Stored dataset items
--- START ---

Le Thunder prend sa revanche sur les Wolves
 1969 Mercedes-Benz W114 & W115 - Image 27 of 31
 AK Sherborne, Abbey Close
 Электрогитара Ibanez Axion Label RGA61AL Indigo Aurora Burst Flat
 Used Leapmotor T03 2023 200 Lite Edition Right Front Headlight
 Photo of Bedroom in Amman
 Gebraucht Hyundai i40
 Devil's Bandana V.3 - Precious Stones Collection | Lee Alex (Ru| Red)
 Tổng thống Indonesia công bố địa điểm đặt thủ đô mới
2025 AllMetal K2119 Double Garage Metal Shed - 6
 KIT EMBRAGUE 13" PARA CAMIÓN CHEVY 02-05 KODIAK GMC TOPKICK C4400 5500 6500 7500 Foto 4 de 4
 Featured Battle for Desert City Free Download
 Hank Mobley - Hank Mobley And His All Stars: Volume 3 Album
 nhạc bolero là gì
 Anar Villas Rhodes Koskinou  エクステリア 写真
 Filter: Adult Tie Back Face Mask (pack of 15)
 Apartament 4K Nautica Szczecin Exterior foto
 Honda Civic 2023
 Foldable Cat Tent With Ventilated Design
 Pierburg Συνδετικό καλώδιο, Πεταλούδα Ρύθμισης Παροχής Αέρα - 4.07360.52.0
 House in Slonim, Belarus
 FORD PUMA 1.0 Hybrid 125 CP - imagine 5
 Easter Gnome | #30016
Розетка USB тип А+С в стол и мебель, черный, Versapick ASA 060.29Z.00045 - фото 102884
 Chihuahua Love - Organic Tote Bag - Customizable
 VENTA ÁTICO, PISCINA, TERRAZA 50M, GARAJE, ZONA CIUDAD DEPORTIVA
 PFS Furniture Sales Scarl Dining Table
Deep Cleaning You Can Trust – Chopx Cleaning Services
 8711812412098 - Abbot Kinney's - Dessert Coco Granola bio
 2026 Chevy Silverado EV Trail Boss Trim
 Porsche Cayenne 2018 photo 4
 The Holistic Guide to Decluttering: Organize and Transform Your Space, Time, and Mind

--- END ---

EXERCISE REQUIREMENTS —
Copy out only the lines above from the one with "Filter: Adult Tie" to the one with "Easter Gnome | #30016", inclusive, exactly as they stand.

OUTPUT BELOW —
 Filter: Adult Tie Back Face Mask (pack of 15)
 Apartament 4K Nautica Szczecin Exterior foto
 Honda Civic 2023
 Foldable Cat Tent With Ventilated Design
 Pierburg Συνδετικό καλώδιο, Πεταλούδα Ρύθμισης Παροχής Αέρα - 4.07360.52.0
 House in Slonim, Belarus
 FORD PUMA 1.0 Hybrid 125 CP - imagine 5
 Easter Gnome | #30016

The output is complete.